The article expounds abounds on his ridiculous spending habits (“a house way too expensive, cars, entourage, women, jewelry. If you ain’t ever had it, once you get it, you spend it as quick as you can. I ain’t never seen no Brinks truck at a funeral and there ain’t gonna be one at mine”) and includes laudatory quotes from film critic doyenne Pauline Kael, Sean Penn (”Mickey’s taken baseball bats to [his talents], blowtorches, blackjacks, and bullwhips, and he just can’t get rid of them.”) and Alan Parker who directed him in “Angel Heart” alongside Robert DeNiro.

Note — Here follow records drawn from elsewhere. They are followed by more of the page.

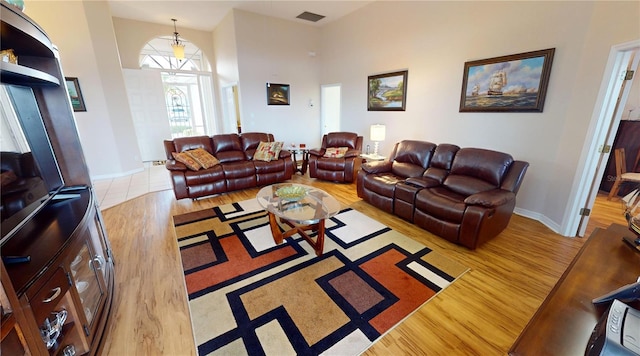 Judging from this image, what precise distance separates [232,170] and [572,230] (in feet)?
14.8

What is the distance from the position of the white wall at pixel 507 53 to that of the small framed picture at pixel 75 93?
5.54 m

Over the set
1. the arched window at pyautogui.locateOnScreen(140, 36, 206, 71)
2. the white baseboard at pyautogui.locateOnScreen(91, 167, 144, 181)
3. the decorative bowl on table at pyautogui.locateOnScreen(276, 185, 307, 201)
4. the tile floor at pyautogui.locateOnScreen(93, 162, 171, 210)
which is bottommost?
the tile floor at pyautogui.locateOnScreen(93, 162, 171, 210)

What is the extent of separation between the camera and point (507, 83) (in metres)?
3.22

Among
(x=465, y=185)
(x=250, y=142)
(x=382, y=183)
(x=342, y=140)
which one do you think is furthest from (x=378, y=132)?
(x=250, y=142)

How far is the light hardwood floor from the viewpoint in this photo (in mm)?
1561

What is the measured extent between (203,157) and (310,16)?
13.3ft

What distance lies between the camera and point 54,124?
1868 mm

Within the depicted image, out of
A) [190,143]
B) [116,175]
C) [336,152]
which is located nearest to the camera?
[190,143]

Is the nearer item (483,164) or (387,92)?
(483,164)

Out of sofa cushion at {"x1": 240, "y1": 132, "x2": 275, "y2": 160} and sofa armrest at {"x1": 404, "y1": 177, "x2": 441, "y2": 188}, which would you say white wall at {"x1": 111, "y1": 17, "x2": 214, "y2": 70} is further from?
sofa armrest at {"x1": 404, "y1": 177, "x2": 441, "y2": 188}

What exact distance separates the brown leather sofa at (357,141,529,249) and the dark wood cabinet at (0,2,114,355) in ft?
9.56

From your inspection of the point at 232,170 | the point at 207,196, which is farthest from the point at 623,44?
the point at 207,196

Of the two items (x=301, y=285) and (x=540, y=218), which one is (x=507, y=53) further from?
(x=301, y=285)

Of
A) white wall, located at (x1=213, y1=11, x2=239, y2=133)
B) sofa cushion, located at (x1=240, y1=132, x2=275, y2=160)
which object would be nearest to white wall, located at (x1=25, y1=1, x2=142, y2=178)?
white wall, located at (x1=213, y1=11, x2=239, y2=133) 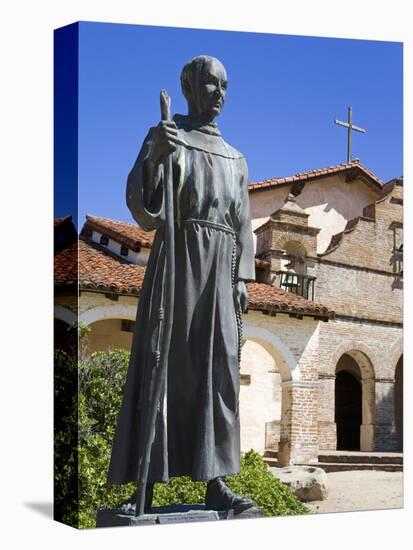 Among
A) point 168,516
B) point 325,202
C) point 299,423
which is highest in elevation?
point 325,202

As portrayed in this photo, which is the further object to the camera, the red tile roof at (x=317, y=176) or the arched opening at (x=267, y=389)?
the arched opening at (x=267, y=389)

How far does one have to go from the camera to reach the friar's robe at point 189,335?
938 cm

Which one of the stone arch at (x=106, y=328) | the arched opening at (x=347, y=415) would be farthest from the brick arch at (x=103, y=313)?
the arched opening at (x=347, y=415)

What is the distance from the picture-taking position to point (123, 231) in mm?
12289

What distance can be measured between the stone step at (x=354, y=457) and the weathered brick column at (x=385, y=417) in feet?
0.47

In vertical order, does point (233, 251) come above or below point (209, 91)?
below

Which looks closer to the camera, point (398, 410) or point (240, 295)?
point (240, 295)

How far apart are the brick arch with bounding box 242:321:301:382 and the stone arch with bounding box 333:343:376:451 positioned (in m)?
0.64

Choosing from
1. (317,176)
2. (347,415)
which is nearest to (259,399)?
(347,415)

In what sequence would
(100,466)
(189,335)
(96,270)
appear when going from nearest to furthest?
(189,335) → (100,466) → (96,270)

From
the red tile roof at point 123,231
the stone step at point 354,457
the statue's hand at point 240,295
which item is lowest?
the stone step at point 354,457

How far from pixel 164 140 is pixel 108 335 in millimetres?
3154

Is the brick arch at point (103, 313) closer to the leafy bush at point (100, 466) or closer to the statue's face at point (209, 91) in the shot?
the leafy bush at point (100, 466)

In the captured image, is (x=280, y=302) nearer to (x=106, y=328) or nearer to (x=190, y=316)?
(x=106, y=328) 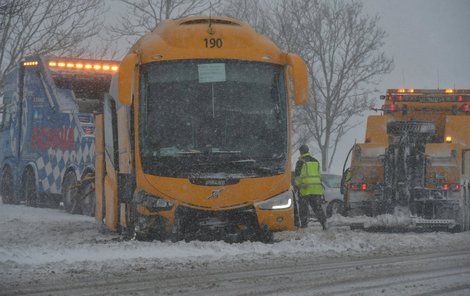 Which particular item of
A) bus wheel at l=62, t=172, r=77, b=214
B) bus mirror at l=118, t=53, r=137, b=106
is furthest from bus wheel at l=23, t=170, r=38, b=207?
bus mirror at l=118, t=53, r=137, b=106

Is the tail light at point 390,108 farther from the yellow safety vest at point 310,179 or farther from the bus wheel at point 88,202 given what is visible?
the bus wheel at point 88,202

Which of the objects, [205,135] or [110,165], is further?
[110,165]

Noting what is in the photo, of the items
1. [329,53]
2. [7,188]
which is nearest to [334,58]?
[329,53]

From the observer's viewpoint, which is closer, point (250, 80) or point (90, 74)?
point (250, 80)

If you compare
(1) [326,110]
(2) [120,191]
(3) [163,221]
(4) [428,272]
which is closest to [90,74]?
(2) [120,191]

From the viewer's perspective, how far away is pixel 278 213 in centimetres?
1264

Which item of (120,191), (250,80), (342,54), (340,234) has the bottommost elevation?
(340,234)

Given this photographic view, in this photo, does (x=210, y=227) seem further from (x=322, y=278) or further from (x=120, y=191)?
(x=322, y=278)

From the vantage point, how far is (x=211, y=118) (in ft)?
41.6

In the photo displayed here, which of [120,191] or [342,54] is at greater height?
[342,54]

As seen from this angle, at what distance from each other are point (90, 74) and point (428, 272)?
12532 mm

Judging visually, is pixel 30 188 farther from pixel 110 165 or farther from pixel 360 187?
pixel 360 187

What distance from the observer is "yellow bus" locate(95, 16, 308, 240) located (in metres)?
12.3

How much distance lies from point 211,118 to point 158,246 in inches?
85.6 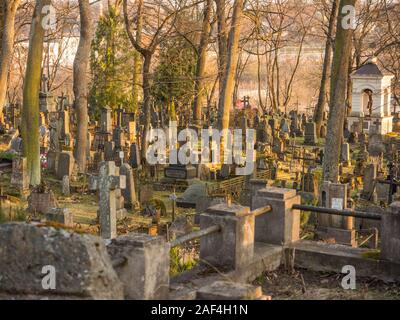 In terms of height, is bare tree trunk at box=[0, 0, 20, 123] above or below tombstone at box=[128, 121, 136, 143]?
above

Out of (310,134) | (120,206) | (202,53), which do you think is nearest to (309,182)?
(120,206)

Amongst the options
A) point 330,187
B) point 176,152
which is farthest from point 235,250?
point 176,152

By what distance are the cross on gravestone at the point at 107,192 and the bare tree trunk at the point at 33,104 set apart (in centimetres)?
624

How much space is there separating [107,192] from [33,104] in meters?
6.82

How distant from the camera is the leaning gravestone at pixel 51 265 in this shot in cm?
479

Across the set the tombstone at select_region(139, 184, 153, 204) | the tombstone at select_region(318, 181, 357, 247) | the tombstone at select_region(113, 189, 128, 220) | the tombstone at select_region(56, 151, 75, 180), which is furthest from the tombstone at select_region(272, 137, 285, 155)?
the tombstone at select_region(318, 181, 357, 247)

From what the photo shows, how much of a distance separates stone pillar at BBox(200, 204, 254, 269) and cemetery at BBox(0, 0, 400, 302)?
0.01m

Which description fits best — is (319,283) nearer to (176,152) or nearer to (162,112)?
(176,152)

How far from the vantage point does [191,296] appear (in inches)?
245

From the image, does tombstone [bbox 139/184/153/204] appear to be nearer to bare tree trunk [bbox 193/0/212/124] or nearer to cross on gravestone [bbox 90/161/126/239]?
cross on gravestone [bbox 90/161/126/239]

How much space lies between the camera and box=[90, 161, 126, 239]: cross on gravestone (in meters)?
12.7

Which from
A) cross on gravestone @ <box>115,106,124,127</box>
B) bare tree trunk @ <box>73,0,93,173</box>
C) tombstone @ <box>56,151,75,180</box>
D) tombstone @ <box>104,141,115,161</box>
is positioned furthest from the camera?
cross on gravestone @ <box>115,106,124,127</box>

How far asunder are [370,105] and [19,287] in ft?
106

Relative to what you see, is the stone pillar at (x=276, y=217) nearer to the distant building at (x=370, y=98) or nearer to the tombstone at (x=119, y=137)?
the tombstone at (x=119, y=137) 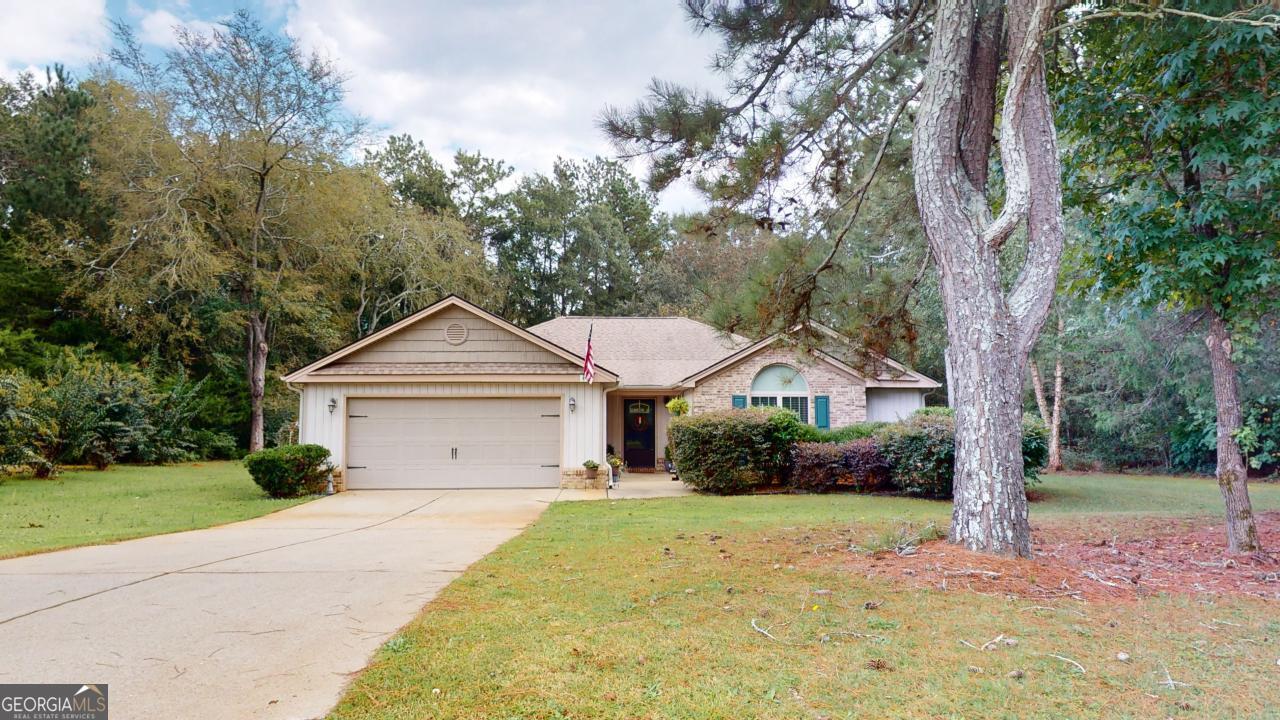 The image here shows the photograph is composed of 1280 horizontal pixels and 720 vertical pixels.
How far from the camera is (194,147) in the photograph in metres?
21.2

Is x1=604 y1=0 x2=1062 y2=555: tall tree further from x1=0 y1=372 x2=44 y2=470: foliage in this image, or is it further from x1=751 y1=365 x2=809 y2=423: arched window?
x1=0 y1=372 x2=44 y2=470: foliage

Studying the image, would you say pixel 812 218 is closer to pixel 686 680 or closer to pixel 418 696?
pixel 686 680

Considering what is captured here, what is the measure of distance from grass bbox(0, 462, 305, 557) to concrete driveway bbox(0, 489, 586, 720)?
78cm

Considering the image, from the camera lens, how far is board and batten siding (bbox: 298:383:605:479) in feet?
45.8

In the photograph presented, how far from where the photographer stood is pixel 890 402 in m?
18.4

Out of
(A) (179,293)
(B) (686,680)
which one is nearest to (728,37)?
(B) (686,680)

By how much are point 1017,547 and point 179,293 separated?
79.9 ft

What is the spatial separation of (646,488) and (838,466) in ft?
12.9

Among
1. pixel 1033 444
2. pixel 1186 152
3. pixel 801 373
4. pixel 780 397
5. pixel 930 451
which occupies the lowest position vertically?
pixel 930 451

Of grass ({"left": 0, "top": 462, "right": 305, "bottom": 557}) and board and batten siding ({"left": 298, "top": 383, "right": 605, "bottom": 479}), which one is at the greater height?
board and batten siding ({"left": 298, "top": 383, "right": 605, "bottom": 479})

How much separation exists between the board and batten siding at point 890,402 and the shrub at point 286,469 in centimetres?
1328

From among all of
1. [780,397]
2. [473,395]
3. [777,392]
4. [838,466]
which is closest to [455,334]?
[473,395]

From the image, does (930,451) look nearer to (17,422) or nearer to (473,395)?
(473,395)

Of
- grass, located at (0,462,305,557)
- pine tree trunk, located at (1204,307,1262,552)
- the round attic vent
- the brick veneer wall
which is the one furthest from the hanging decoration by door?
pine tree trunk, located at (1204,307,1262,552)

The climactic scene in “The Wrestler,” were Rourke as Randy “The Ram” tearfully tells the audiences he’s abandoning the sport that’s he’s washed up and that the sport hasn’t love him back aside from the fans? He wrote it himself. ”I can’t watch it. ‘I haven’t watched it. Maybe three or four years down the road.”
Anyhow, those are the meatiest quotes and obviously there are tons of them. Totally worth a full read. “The Wrestler” co-stars Marisa Tomei and Evan Rachel Wood and comes out December 19 via Fox Searchlight. Rourke is likely a shoo-in for Best Actor nomination if he doesn’t fuck it up.